Offene und halboffene Verstecke sind anzulegen, insbesondere bei der Haltung von mehreren Tieren muss ein
Sichtschutz sicher gestellt sein.
Als Bodengrund sollte ein Spielsand-/Lehmgemisch genommen werden, der
unter zu mischende Anteil des Lehmpulvers ist je nach Hersteller
unterschiedlich und muss möglichst vorher probeweise ausgetestet werden. Die
Substrathöhe sollte 10-25 cm betragen.
Zwergbartagamen
sind recht lebhaft und etwas bewegungsfreudiger
als ihre größeren Gattungsgenossen. Im Gegensatz zu Jungtieren klettern
adulte
Tiere allerdings nicht mehr ganz so eifrig, dennoch wird eine gut
strukturierte
Rückwand aus verputztem Styropor oder Styrodur mit Felsaufbauten und
Vorsprüngen und Liegeflächen im Terrarium integriert, um die
Bewegunsfläche zu erweitern und 'Hochsitze' zu ermöglichen.
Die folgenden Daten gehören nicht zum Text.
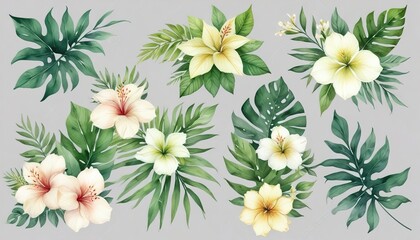 Watercolor of Tropical spring floral green leaves and flowers s isolated on transparent png background, bouquets greeting or wedding card decoration, with Generative Ai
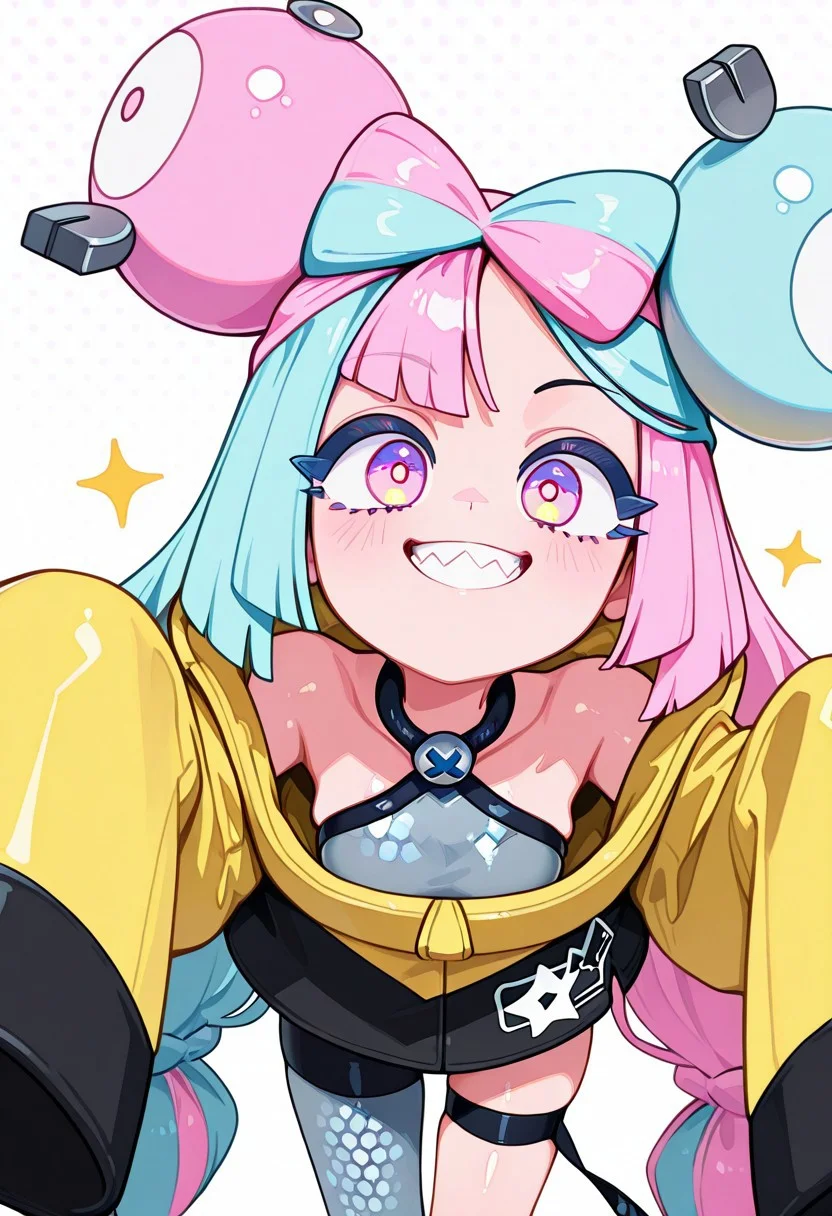 zzIono, solo, 1girl, long hair, pink eyes, blue hair, pink hair, light blue hair, multicolored hair, bow-shaped hair, yellow jacket, sleeves past fingers, single leg pantyhose, thigh strap, smile, sharp teeth, looking at viewer, masterpiece, best quality, amazing quality, very aesthetic, newest, highres, absurdres, halftone, perfect body, shiny skin, perfect eyes, detail1eye, well-defined fingers, well-defined fingernails,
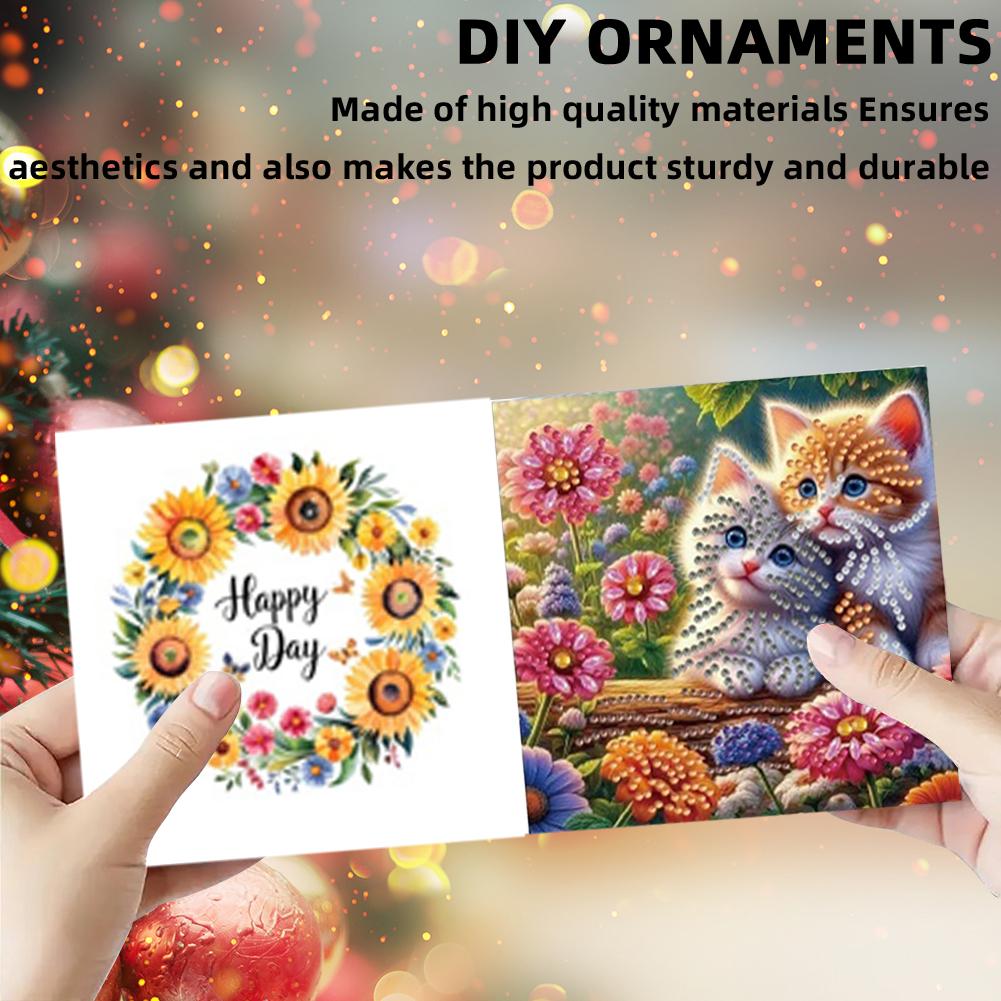 6pcs DIY Halloween Theme Diamond Art Greeting Cards Diamond Art Handmade Cards for Christmas Birthdays Thanksgiving and Holidays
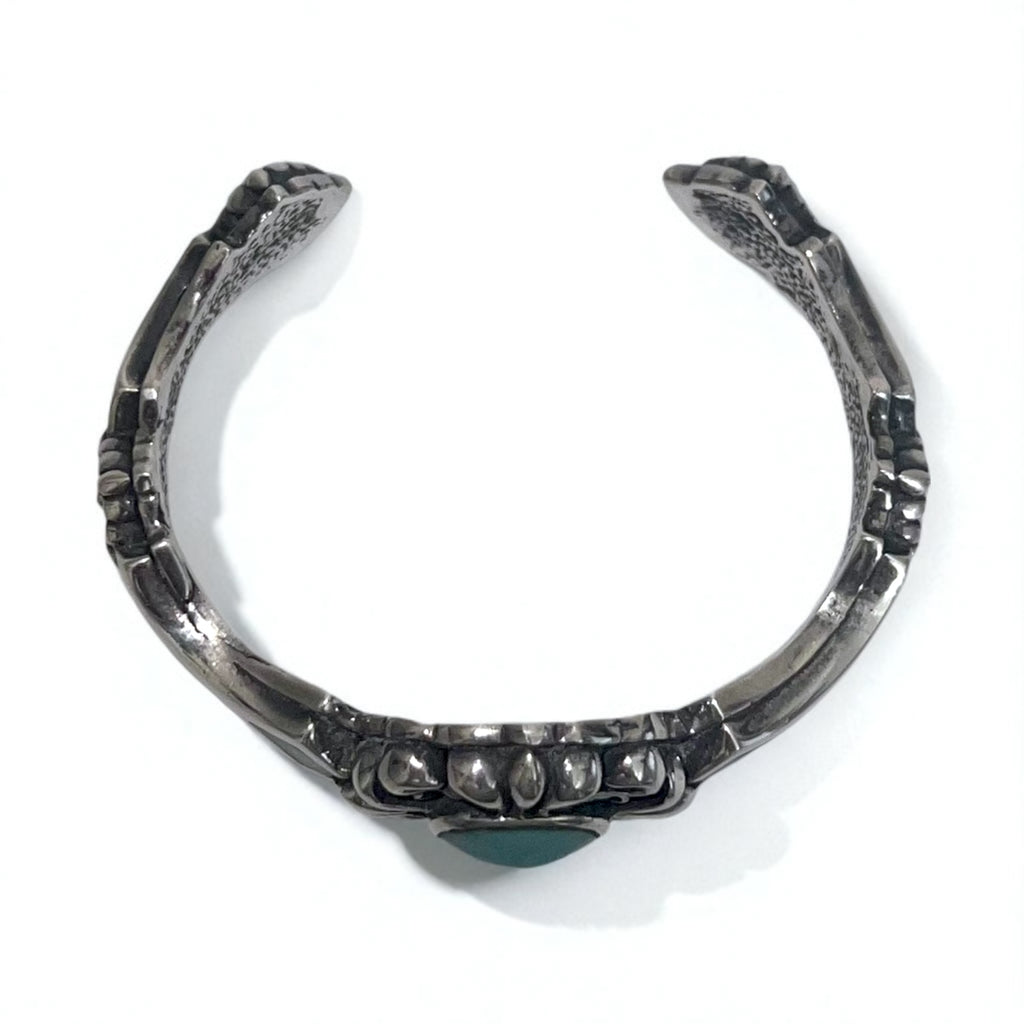 Vintage Silver Bangle Vintage Flare Floral Turquoise Bangle 925 A&amp;A Gothic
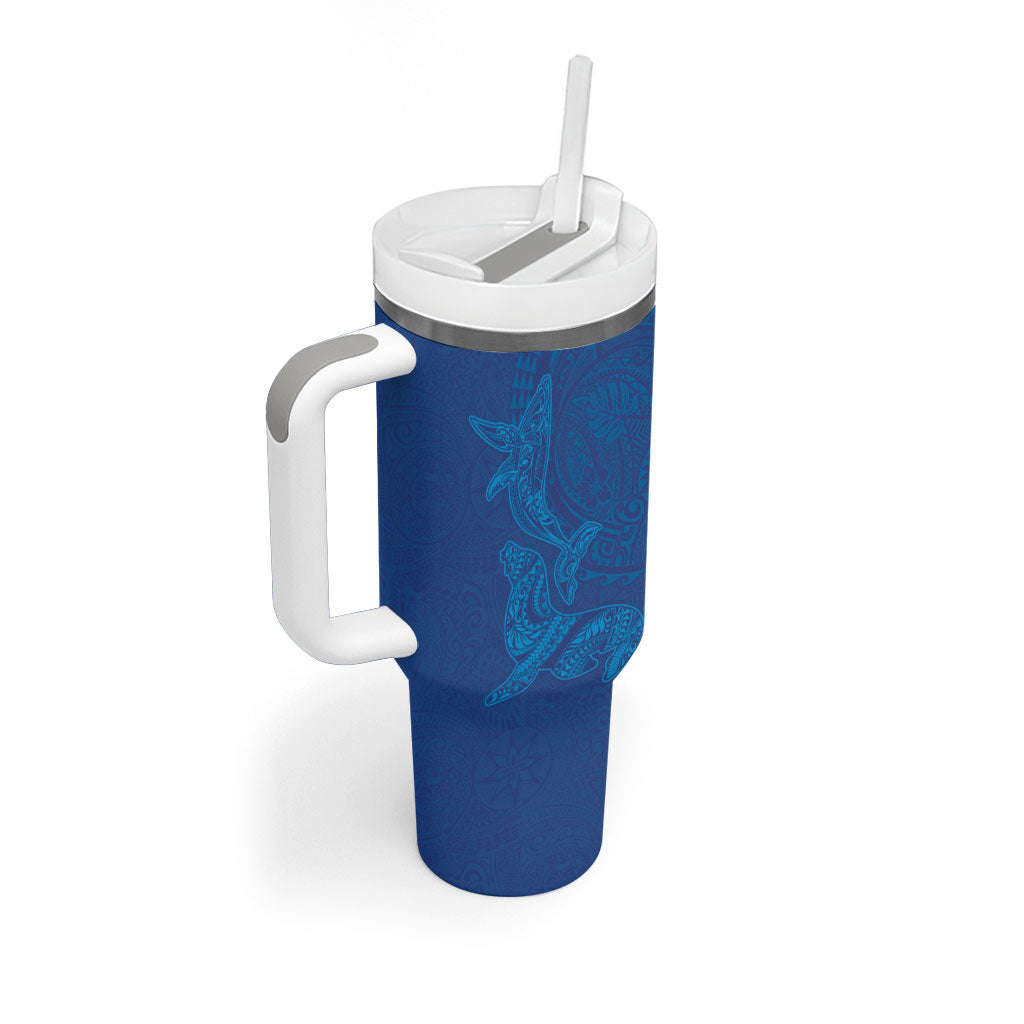 Hawaiian Monk Seal and Whale Tumbler With Handle Kakau Tribal Pattern Blue Color LT03 - Polynesian Pride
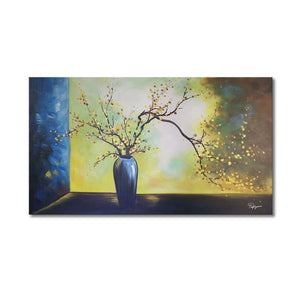 Handmade Oil Painting on Stretched Canvas of 3D Tree in Gold Background
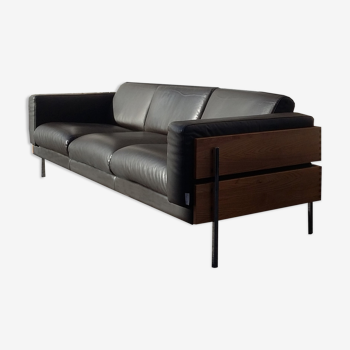 3-seater leather sofa - Robin Day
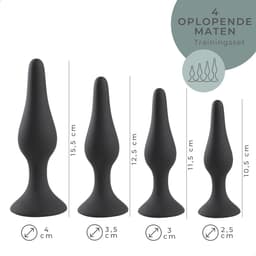 Buttplug Set - 4 delige Siliconen Buttplugs Set voor Mannen en Vrouwen - Anal Plug Zwart Siliconen — thumbnail 2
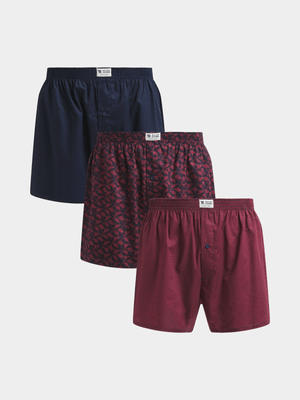 Men's Relay Jeans 3 Pack Woven Botanical Burgundy/Blue Boxers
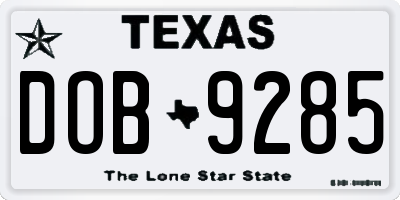 TX license plate DOB9285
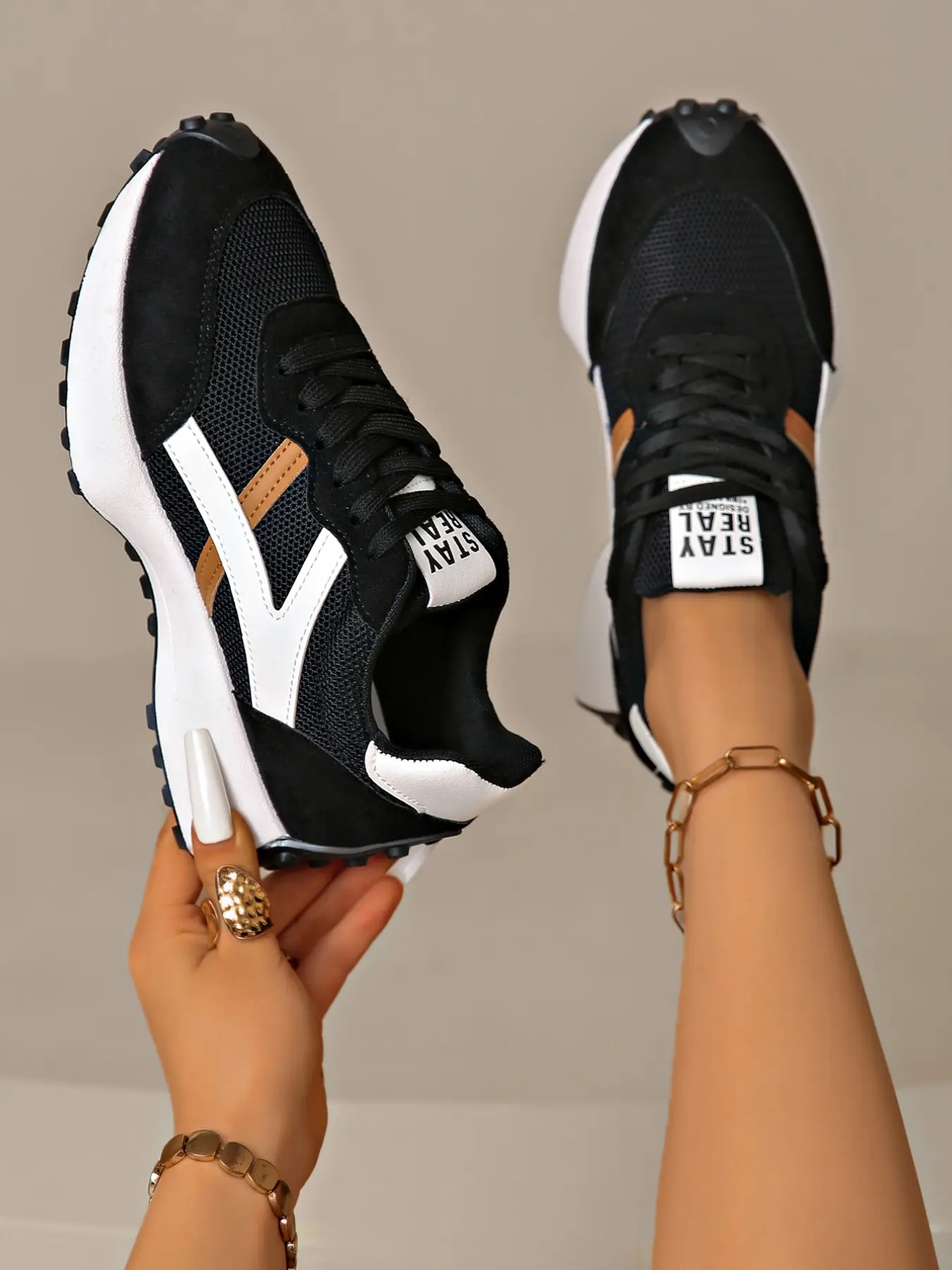 Women's Fashion Thick Sole Sports Shoes, Breathable Walking Shoes, Trendy Walking Shoes, Stylish Walking Shoes, Comfort Support, Casual All Season Footwear for Daily Wear & Gym Use, Workout Casual Footwear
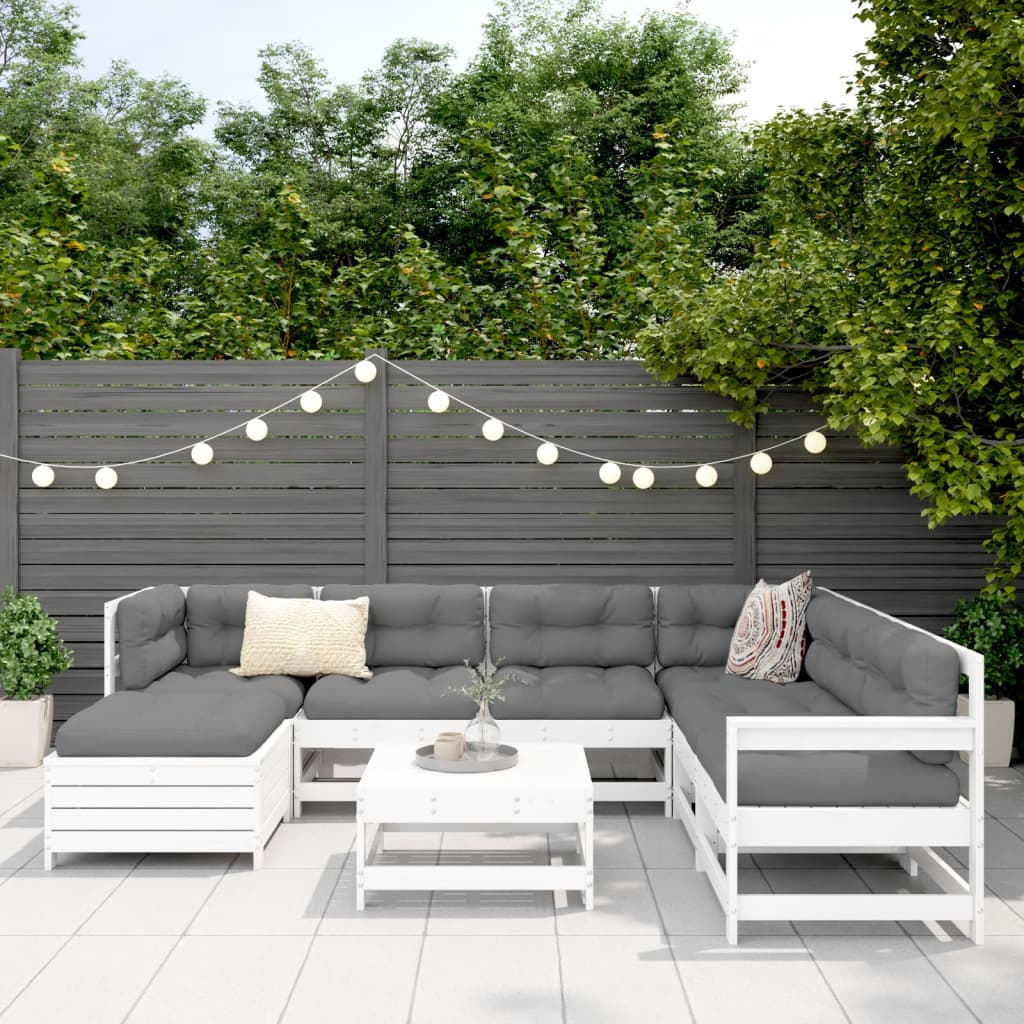 8-delige Loungeset massief grenenhout wit Tuinsets | Creëer jouw Trendy Thuis | Gratis bezorgd & Retour | Trendy.nl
Die Größe des Terrariums sollte
keinesfalls unter 120x60x80 cm betragen.
Luftfeuchte
Obwohl die
ursprüngliche Heimat der Zwergbartagamen relativ
trocken ist, wird das Terrarium mehrmals in der Woche mit lauwarmen
Wasser
leicht übersprüht, so dass die nächtliche Luftfeuchte auf 60-80%
ansteigt. Um die etwa zweimonatige Regenphase im Habitat zu
simulieren, wird im Juni/Juli kräftiger überbraust.
Überwinterung
Ruhephasen in Form einer Winterruhe von 8-16 Wochen bei 12-18°
C sind für die Gesunderhaltung unserer Schützlinge wichtig.
Wird diese
nicht durchgeführt, arbeitet der Stoffwechsel durchgängig auf Hochtouren, so
dass es zu Erkrankungen (z.B. Leberverfettung,...) kommen und sich die Lebenszeit
drastisch verkürzen kann.
Nach und nach wird die Beleuchtungsdauer verkürzt und die
einzelnen Wärmespots weggeschaltet, so dass innerhalb von etwa 3 Wochen
lediglich die Grundbeleuchtung 3-4 Stunden täglich an ist.
Hält
man die Zwergbartagamen nicht in einem adäquaten Raum,
können sie in Plastikboxen mit zu einem Drittel
gefülltem Sand-/Erdegemisch (bei Temperaturen von min. 12°C)
in den Kühlschrank
überführt werden. Der Deckel wird mit Löchern versehen, so dass ein
Luftaustausch gewährleistet ist.
Zur Beendigung der Ruhephase ist
umgekehrt zu verfahren und in etwa 2 Wochen die Beleuchtung wieder hochzufahren.
Um sicher
zu stellen, dass nur gesunde Tiere überwintert werden, empfiehlt sich eine
parasitäre Kotprobenuntersuchung vor der beabsichtigten Einleitung der
Winterruhe.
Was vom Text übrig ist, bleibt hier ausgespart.